• ABOUT THIS TASK:
Look through the data below for the line with "Kiwi fruit on a white plate and background." and the line with "kitchen with light", then transcribe exactly from the first through the second, leaving out all pictures.

• Caption-style text data:
==========

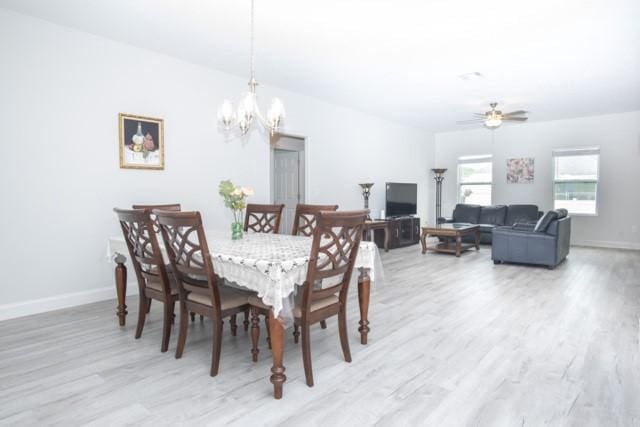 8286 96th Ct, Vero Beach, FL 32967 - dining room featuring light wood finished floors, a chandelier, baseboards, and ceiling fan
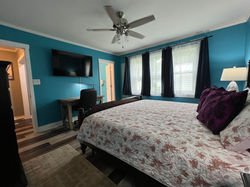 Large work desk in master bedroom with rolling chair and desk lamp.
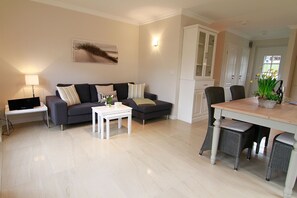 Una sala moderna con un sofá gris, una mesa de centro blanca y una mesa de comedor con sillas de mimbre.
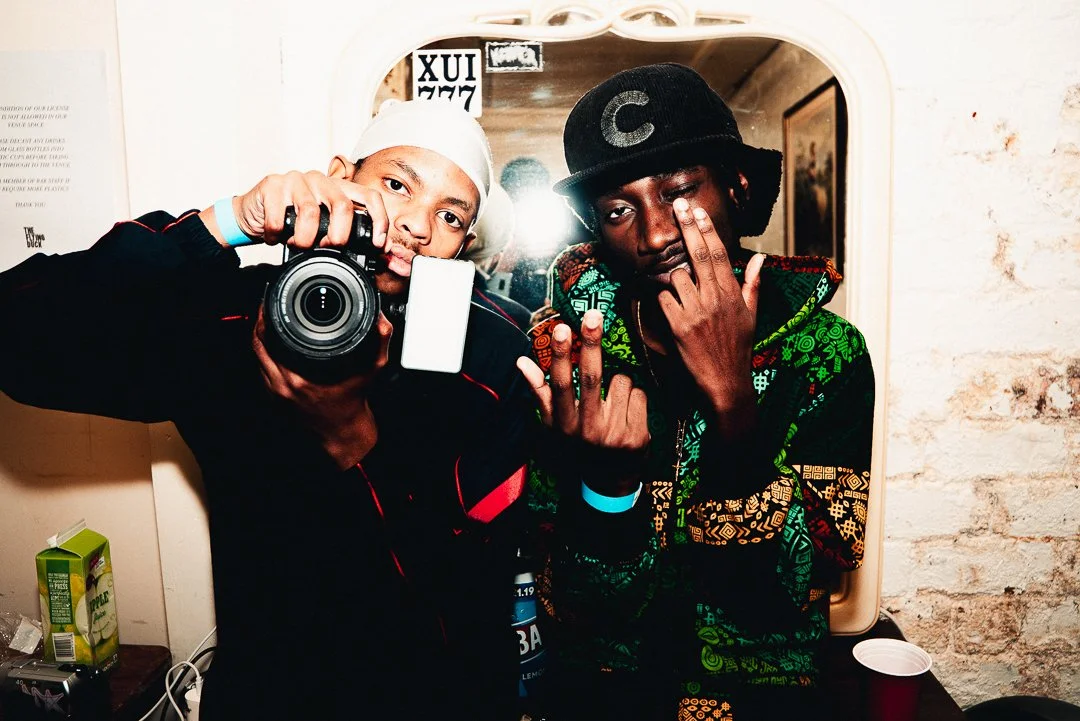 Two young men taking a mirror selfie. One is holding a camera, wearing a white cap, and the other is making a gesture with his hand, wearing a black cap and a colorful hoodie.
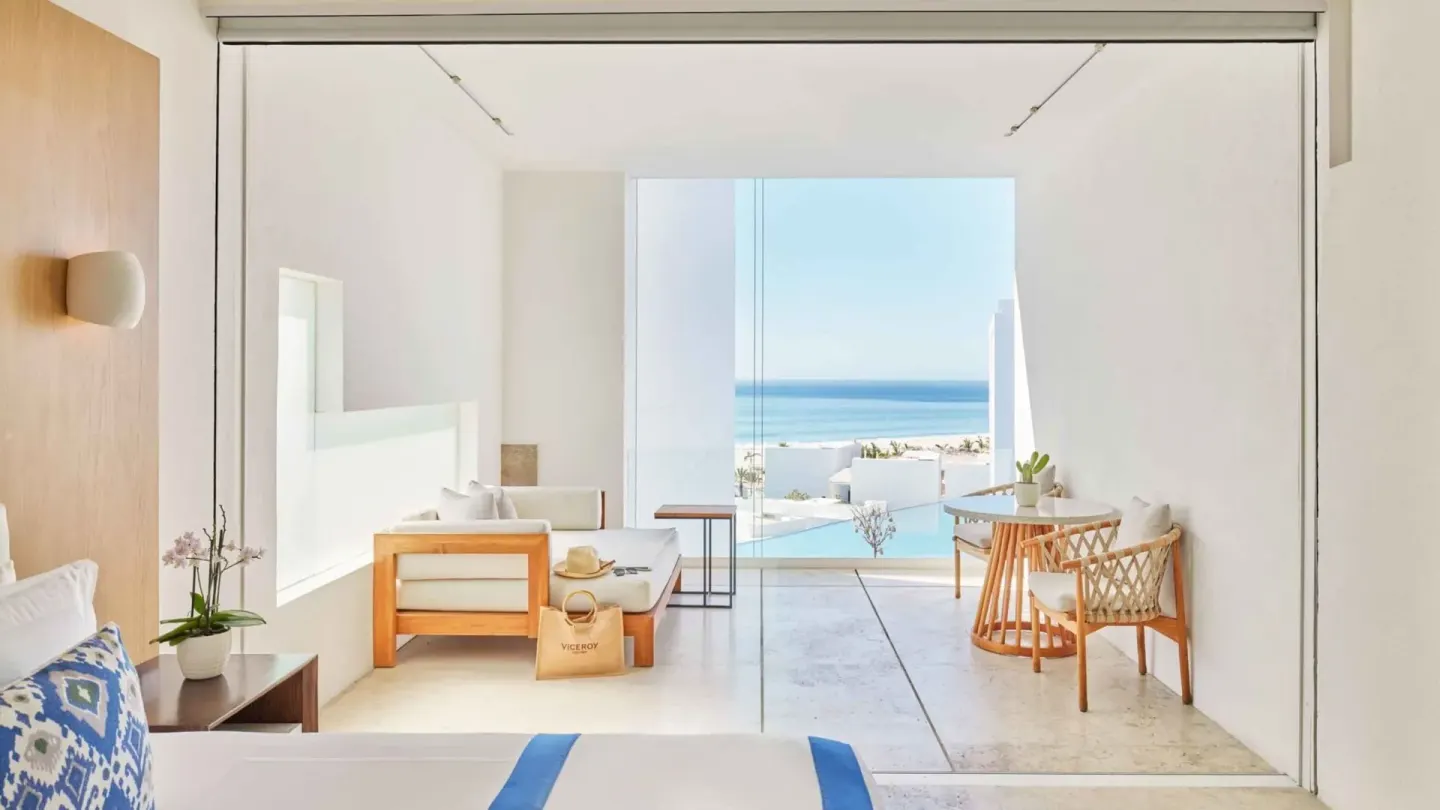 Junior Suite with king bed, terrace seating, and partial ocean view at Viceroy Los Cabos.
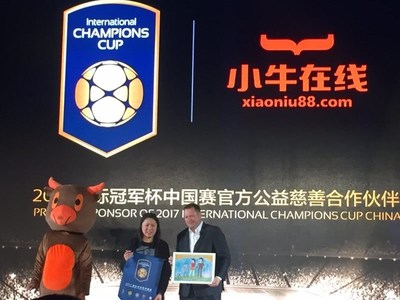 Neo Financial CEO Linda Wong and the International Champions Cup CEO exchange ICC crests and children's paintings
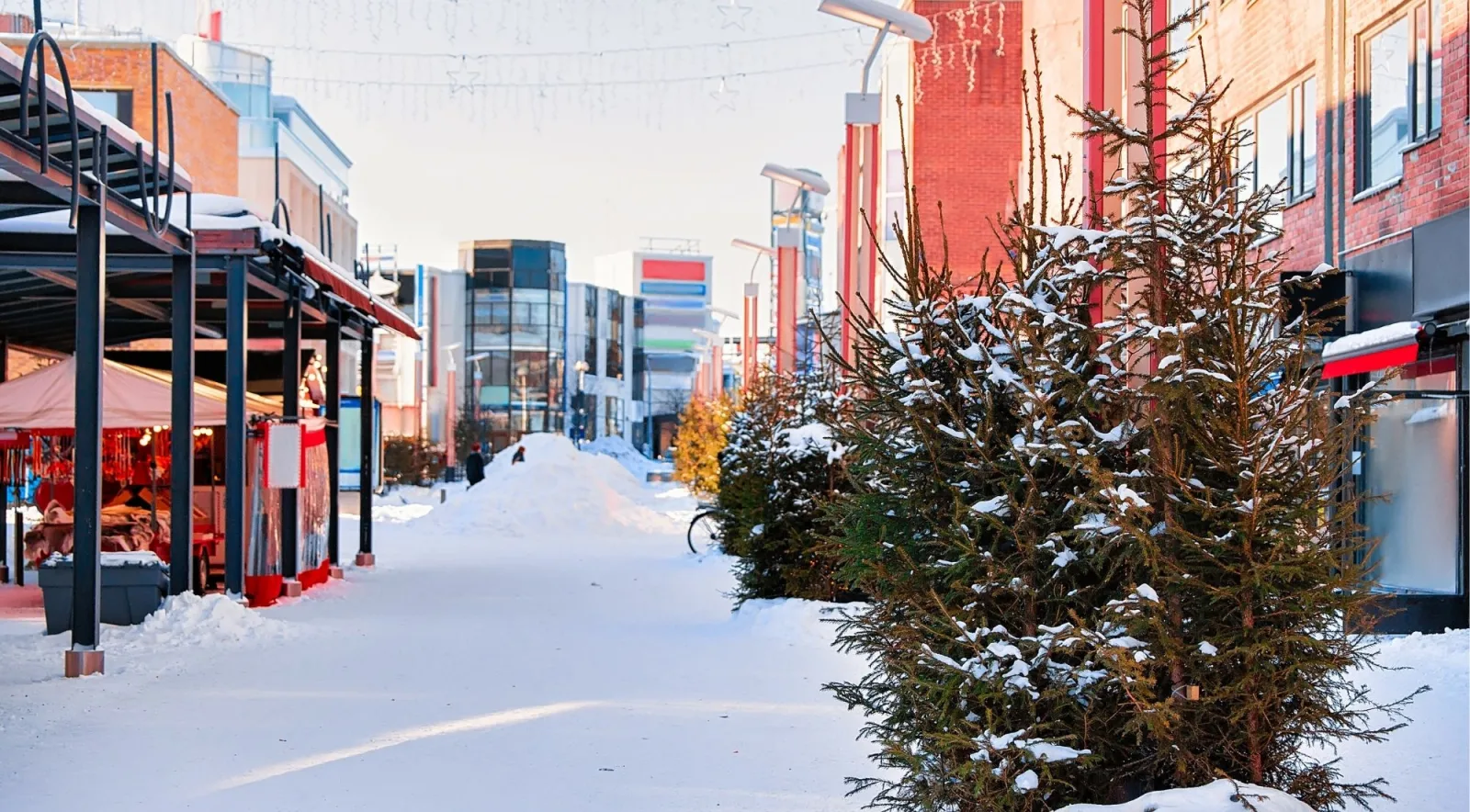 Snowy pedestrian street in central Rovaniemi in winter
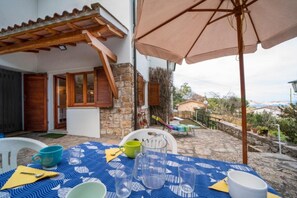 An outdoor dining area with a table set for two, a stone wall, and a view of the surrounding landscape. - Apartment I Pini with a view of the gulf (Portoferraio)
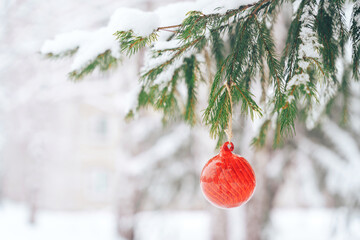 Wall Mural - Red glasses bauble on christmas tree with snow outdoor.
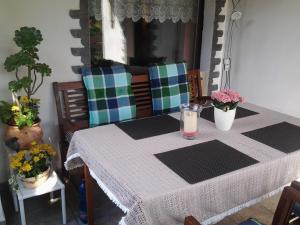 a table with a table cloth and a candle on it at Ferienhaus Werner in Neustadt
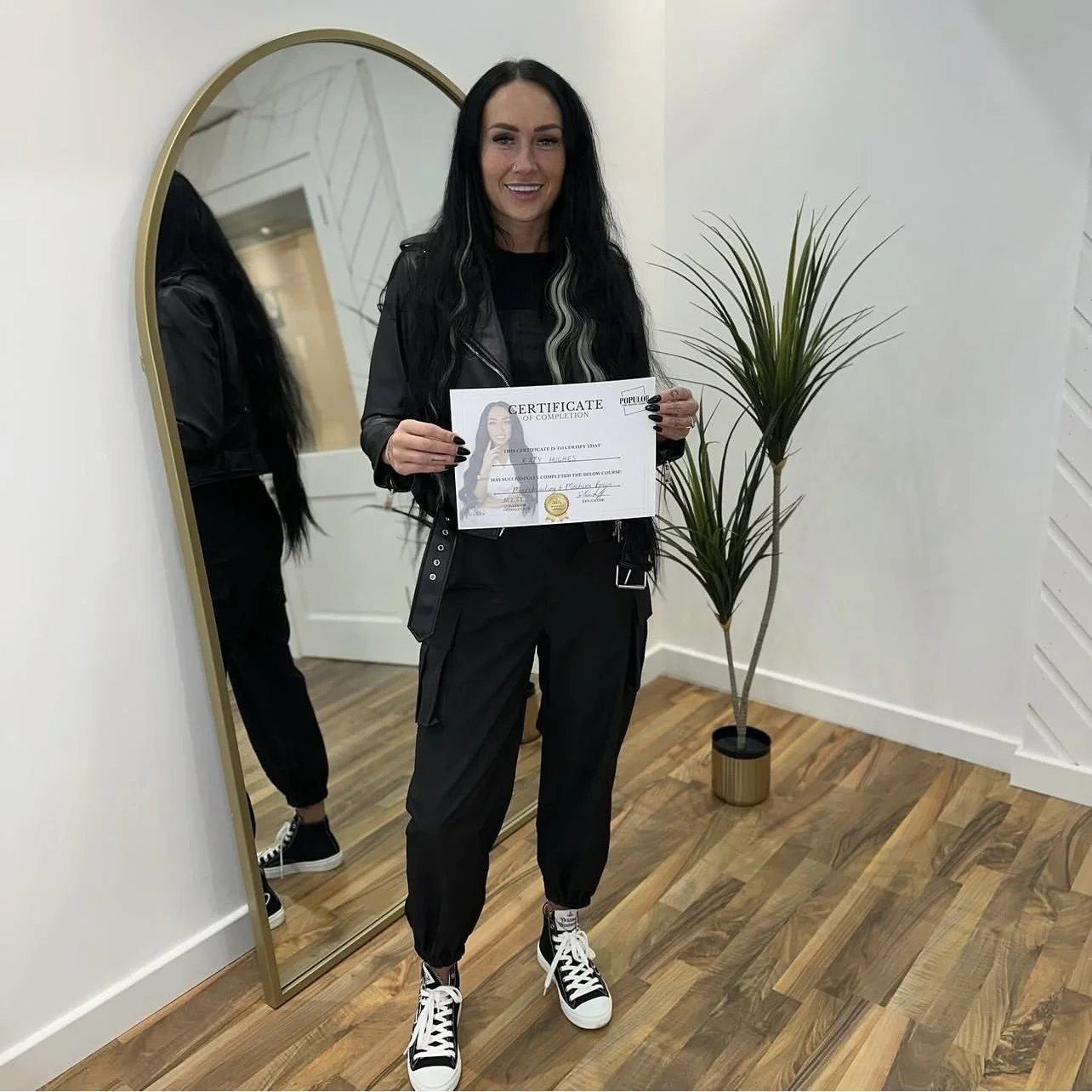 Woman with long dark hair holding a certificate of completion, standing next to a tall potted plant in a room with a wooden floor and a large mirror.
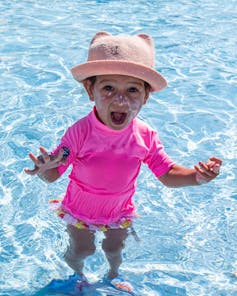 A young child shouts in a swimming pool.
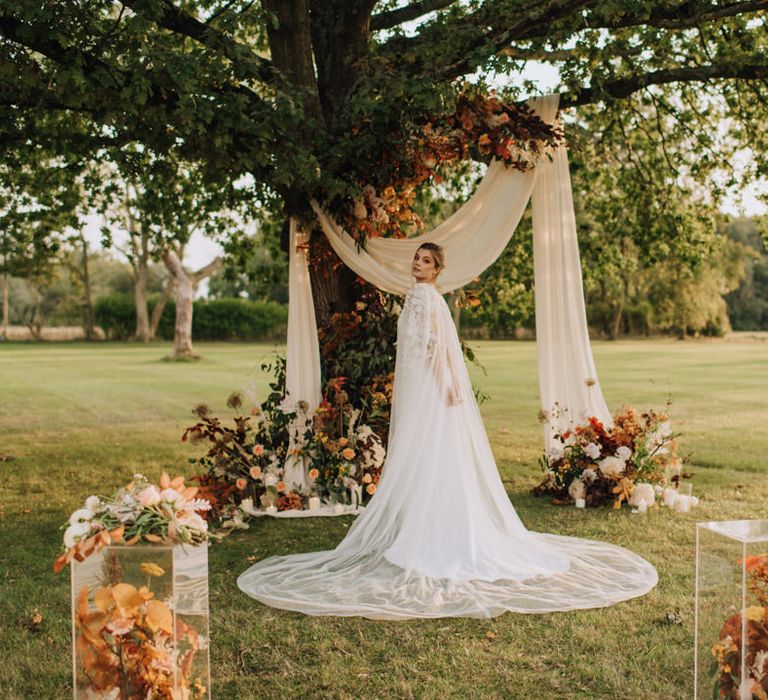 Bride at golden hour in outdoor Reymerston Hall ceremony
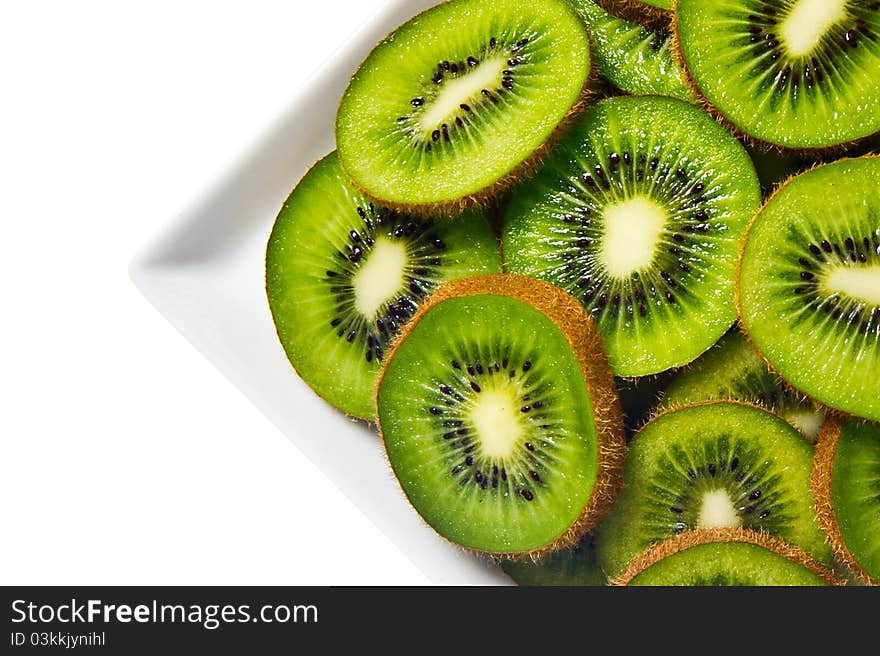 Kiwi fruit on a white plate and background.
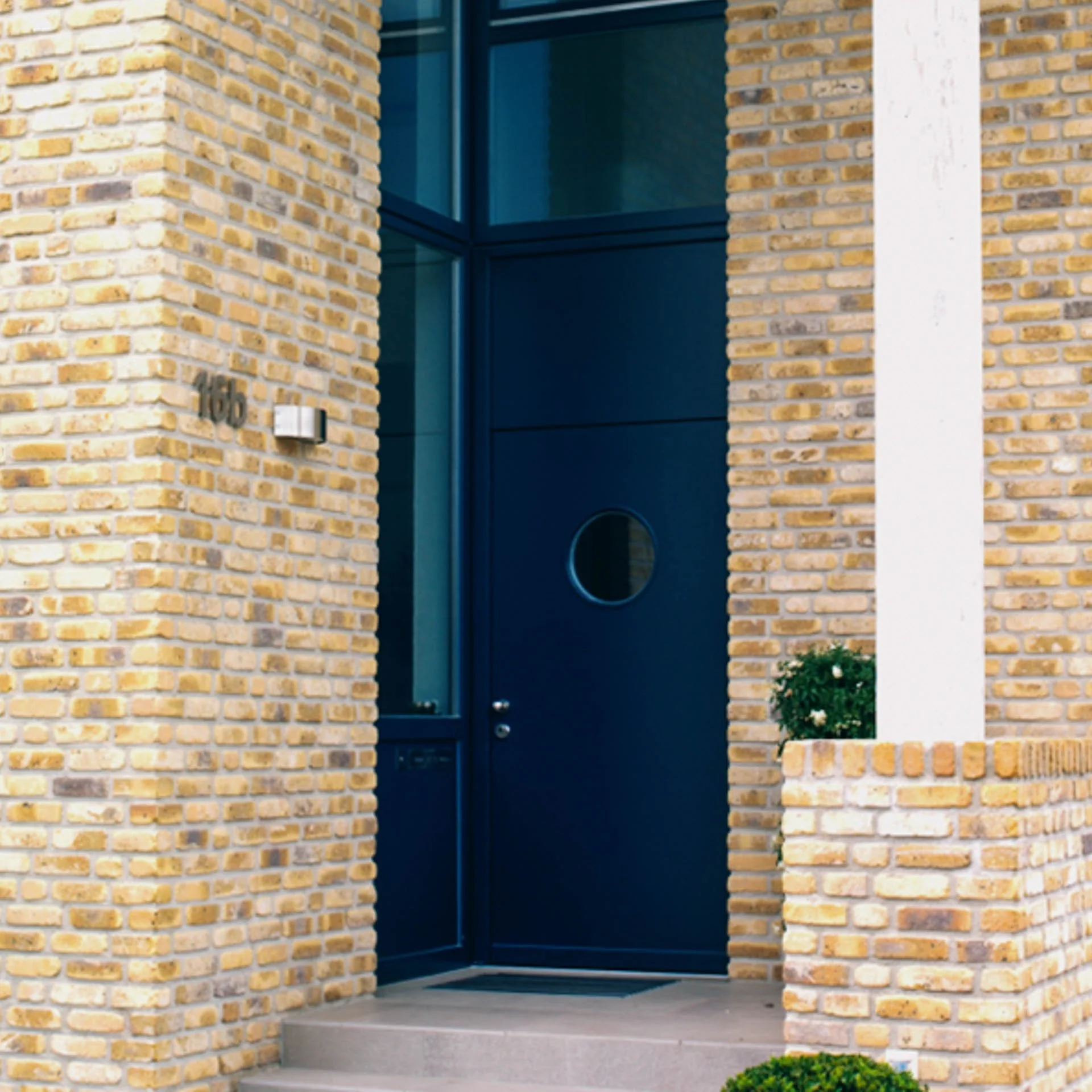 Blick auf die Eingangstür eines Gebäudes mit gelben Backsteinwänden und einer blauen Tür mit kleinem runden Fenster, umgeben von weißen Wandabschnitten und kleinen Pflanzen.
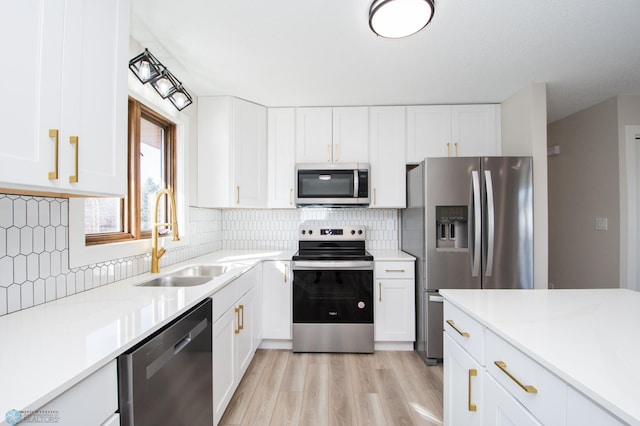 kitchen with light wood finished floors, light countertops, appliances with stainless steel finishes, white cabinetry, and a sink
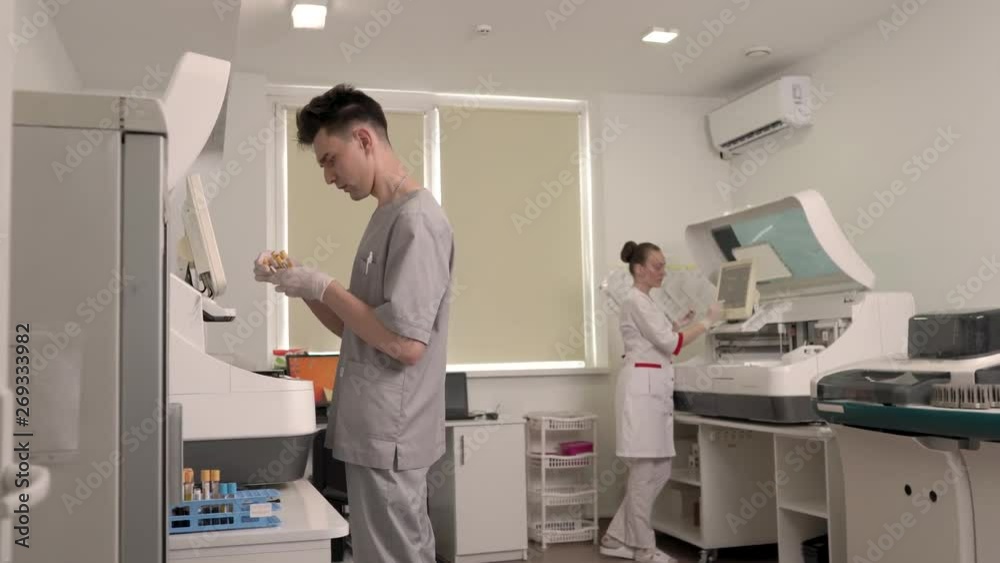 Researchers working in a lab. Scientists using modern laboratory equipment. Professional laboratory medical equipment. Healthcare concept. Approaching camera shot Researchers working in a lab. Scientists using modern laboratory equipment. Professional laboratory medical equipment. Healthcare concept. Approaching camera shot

==========

• EXERCISE RESULT:
 Kiwi fruit on a white plate and background.
 Blick auf die Eingangstür eines Gebäudes mit gelben Backsteinwänden und einer blauen Tür mit kleinem runden Fenster, umgeben von weißen Wandabschnitten und kleinen Pflanzen.
 kitchen with light wood finished floors, light countertops, appliances with stainless steel finishes, white cabinetry, and a sink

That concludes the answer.